Devletlerin tarihlerindeki başarılı dönemler, devlet adamlarının isimleri ile birlikte anılır. Bizde de Kanuni ile Sokollu'nun beraberlikleri "Yükseliş Dönemi"ne damga vurmamış mıdır? Ya da yakın dönemi, yani Turgut Özal'ın varlığını hatırlayın. Türkiye bir anda eski içe kapalı yapısından sıyrılmış ve dünya rekabetine açılmamış mıydı? Özal'dan sonraki 90'lı yıllarda yaşanılan topyekün iflası ve siyasal çıkmazları hatırlayın. O problemli dönem Tayyip Erdoğan liderliğindeki AK Parti iktidarı ile geride bırakıldı...
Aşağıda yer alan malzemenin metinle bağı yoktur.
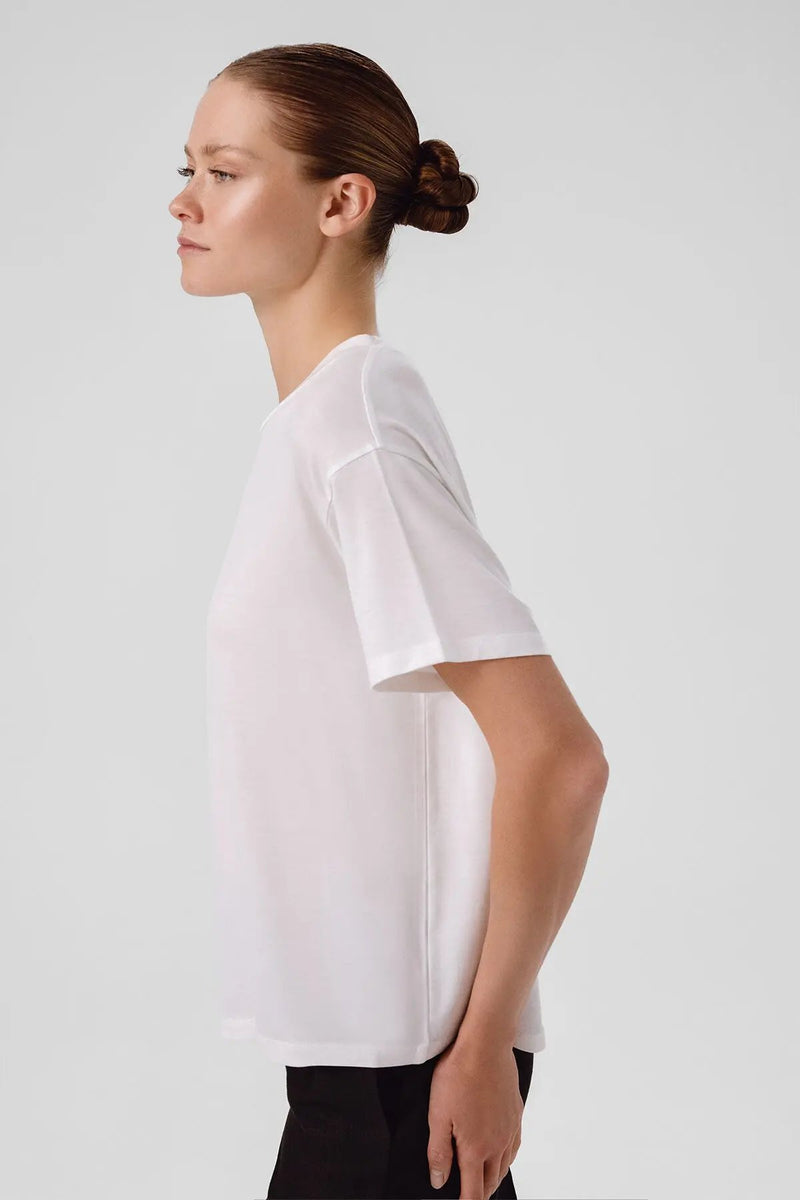 Ekru Bisiklet Yaka Basic Kadın Tişört  Mısırlı 1951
Bu köşe yazısını aşağıdaki linke tıklayarak sesli bir şekilde dinleyebilirsiniz
Cumhur İttifakı
Bugün Türkiye'nin yarına güvenle bakmasını sağlayan Cumhur İttifakı'nın bir yanda Cumhurbaşkanı Erdoğan'a diğer yanda MHP Genel Başkanı Devlet Bahçeli'ye dayanan bir bilinç ağı var. Bu sayede hem Türkiye'nin dünyadaki yeri ağırlık kazanıyor hem de içeride kopartılmak istenilen kuru gürültülere meydan bırakılmıyor. Bu bilinç sayesinde 15 Temmuz 2016 darbe girişiminin açtığı yaralar kapatılabildi. Bu şekilde FETÖ'nün devletteki kalıntıları tavizsiz biçimde temizlenebiliyor.
Bazı örnekler
Süper güçleri yatağa düşüren koronavirüs salgını, bu bilinç sayesinde Türkiye'yi yere seremedi... Fransa'nın ve Yunanistan'ın bütün çabalarına rağmen, Avrupa Birliği güçlü ve istikrarlı Türkiye'den vazgeçemiyor. Irak ve Suriye topraklarında Türkiye'yi hedef alan ve Amerika tarafından beslenen PKK/PYD terörü, bu sayede her an umulmadık darbeler yiyor.
Altın yıllar
Türkiye Cumhuriyeti tarihine "Altın Yıllar" olarak geçecek olan bu dönemin kıymetini bilmeliyiz. Çünkü bir hata nelere sebep olmuyor ki? Osmanlı'nın son döneminde Abdülaziz'e yapılan suikastla başlayan darbeler dönemini ve sonunda Abdülhamid'in bir darbeyle devrilmesi ertesinde 600 yıllık imparatorluğun da feci bir yenilgi ile son bulmasından ders çıkartmamız gerekmez mi? Türkiye Cumhuriyeti de AK Parti gelene kadar darbe-kolik olmamış mıydı?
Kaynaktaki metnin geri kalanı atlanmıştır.